The return was time-consuming. Several images needed intervention. The warm light of Campania called for adjustments I hadn't known to anticipate. I spent hours at a screen doing what I had wanted not to have to do: correcting what could have been right from the start.

The work on recipes grew out of that experience. Seven film recipes, developed one by one to match specific lighting conditions, and to give me the confidence to shoot without second-guessing. Much of what the series Seven Recipes for Slow Light presents is the answer to that Italian journey.

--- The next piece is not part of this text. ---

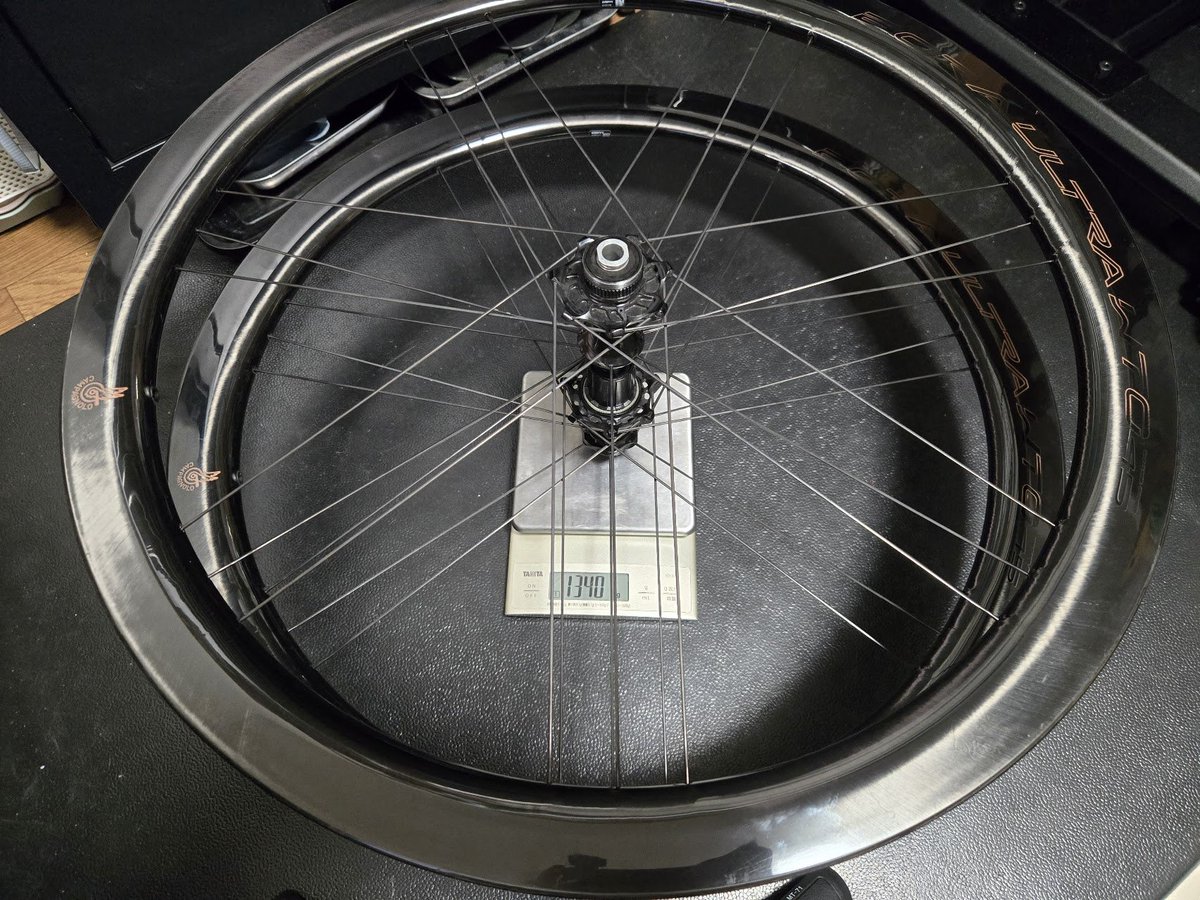 すくみずさん tweet media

Trusting the JPEG: what it actually changes

Shooting JPEG SOOC means making a commitment before the moment rather than after. The recipe is chosen, the settings are in place, and what the camera produces is what you accept. No systematic safety net. No correction session stretching into the evening.

What that trust produces, in practice, is a disposition to photograph more, not less. Not out of carelessness, but because the energy that would otherwise go toward processing files stays available for the act of shooting. You are more present in the moment, less preoccupied with what comes next.

This fits directly within the philosophy I have tried to describe in previous posts: the attention brought to the act of seeing, the willingness to receive what the light offers, without reaching for improvement afterward. SOOC is not a constraint. It is a form of coherence.

A flat white in a café on Rue Saint-Joseph in Old Quebec City (Film recipe: CW - Q3 Analog)

An honest aside

I always shoot RAF + JPEG. That is a decision I stand behind without apology.

Errors of judgment are always possible. A light misread, a recipe that does not quite match the situation, or a moment where a little more latitude in the highlights would have helped. These things happen, even when you are prepared, even when you trust your settings.

The RAF file is there for exactly that. Not as a regular working plan, but as a fallback when needed. X Raw Studio — which I wrote about in an earlier post — makes it possible to rework those files in the spirit of the CW recipes if the occasion calls for it. It is a quiet form of insurance, and there is no reason to do without it.

A peony at the end of its bloom (Film recipe: CW - CCD KAF-18500)

One camera among others, but the reference camera

In earlier posts, I have touched on other photographic practices and other instruments. Each brings something distinct: a particular constraint, a different way of seeing and a slowness that forces a rethinking of habits. These practices feed my photographic thinking. They sharpen it, sometimes correct it. They do not replace it.

But there is always a return to the X100vi. Not because it is the most versatile camera available, or because it outperforms everything comparable on technical grounds. It is my reference camera because it is the one I think photographically with.

That is what I mean when I say the X100vi is my default camera: it is the point I come back to, and from which everything else finds its place.

Denmark in June: what I'm expecting

On June 9th, my wife and I leave for Copenhagen. From there, the itinerary takes us to Hamburg, Berlin and Aarhus, before returning to Copenhagen on the 24th to close the trip.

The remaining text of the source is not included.